Barnstable County Fair 2015

This year's Barnstable County Fair was a blast. There were many things to do and see there. It was nice to see some returning vendors and acts and also nice to see new ones, The Barnstable County Fair is located in Falmouth Massachusetts (Cape Cod, MA).

The BCF has been coming to town since 1844. It was originally a livestock/crafts sort of fair, and that is still a big part of the show today. They didn't have electric ferris wheels or anything like that back then, maybe they used horses or something, I have no idea. The big draw early on was the merry-go-round.

Other than a brief shutdown during WWII, the fair has been going strong ever since. They have since incorporated spectacuar rides, and have brought in performers and other acts.

One of my favorite acts was Wacky Chad with his Pogo stick tricks. He has been on America's Got Talent... twice!




The animals and petting zoo have always been a nice thing to look forward to.
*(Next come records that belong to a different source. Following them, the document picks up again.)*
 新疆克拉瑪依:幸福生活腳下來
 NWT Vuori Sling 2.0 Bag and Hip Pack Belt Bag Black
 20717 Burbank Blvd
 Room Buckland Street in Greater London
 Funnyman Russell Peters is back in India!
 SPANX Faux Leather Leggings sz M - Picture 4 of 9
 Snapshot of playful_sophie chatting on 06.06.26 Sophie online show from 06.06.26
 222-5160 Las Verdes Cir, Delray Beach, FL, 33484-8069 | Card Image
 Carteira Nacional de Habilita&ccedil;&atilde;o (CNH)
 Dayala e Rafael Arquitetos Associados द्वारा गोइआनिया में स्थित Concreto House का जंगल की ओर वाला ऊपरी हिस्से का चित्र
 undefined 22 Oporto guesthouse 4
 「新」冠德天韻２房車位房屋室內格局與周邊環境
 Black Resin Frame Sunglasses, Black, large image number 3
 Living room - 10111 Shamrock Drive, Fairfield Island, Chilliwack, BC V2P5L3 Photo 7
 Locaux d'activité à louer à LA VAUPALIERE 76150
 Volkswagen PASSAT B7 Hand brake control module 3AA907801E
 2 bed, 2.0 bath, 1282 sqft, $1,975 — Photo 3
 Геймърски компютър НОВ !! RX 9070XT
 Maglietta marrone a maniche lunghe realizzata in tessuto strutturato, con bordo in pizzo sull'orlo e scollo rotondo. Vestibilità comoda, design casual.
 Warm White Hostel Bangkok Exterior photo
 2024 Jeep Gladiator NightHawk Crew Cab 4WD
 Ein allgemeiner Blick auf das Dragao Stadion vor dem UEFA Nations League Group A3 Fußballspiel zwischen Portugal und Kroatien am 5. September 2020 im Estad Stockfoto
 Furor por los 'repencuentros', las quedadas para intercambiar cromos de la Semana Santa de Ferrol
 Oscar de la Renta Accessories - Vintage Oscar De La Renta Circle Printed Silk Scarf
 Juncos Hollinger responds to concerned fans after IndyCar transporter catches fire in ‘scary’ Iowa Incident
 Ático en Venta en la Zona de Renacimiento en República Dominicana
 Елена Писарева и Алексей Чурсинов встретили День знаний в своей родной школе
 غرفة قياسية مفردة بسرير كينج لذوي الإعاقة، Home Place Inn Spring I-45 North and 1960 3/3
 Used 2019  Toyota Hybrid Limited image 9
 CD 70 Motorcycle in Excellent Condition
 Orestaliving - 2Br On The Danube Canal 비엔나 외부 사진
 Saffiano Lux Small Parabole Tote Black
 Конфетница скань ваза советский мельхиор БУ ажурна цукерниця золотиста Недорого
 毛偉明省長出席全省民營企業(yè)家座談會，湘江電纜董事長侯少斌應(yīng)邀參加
This cow is trying to go viral, I saw him practicing that look in front of the mirror before I shot.




Who wouldn't want to feed a goat or a yak out of the palm of your hand? 





If you were at the the fair you may have noticed the baby animatronic T-Rex. He was about half-done eating this old guy when I asked him to pose for me.




The Three Dog Night performance was spectacular, my phone's video recorded it in poor quality. I guess you'll have see them in person to get the real deal. We were so close to the stage that we could feel the beat through our entire bodies. I was so psyched to see them perform in person. Their hits include: "An Old Fashioned Love Song" featured in the video below, "Joy to The Word," "Shambala" and many, many more.




We can't forget about the rides and the amazing view of the fair from the Ferris wheel. 



I saw a little bit of the Lumber Jill's Performance - wish I had a better view (I was too short to see over everyone else). And I was really hoping to see the Willis Clan

But overall, this years fair was awesome.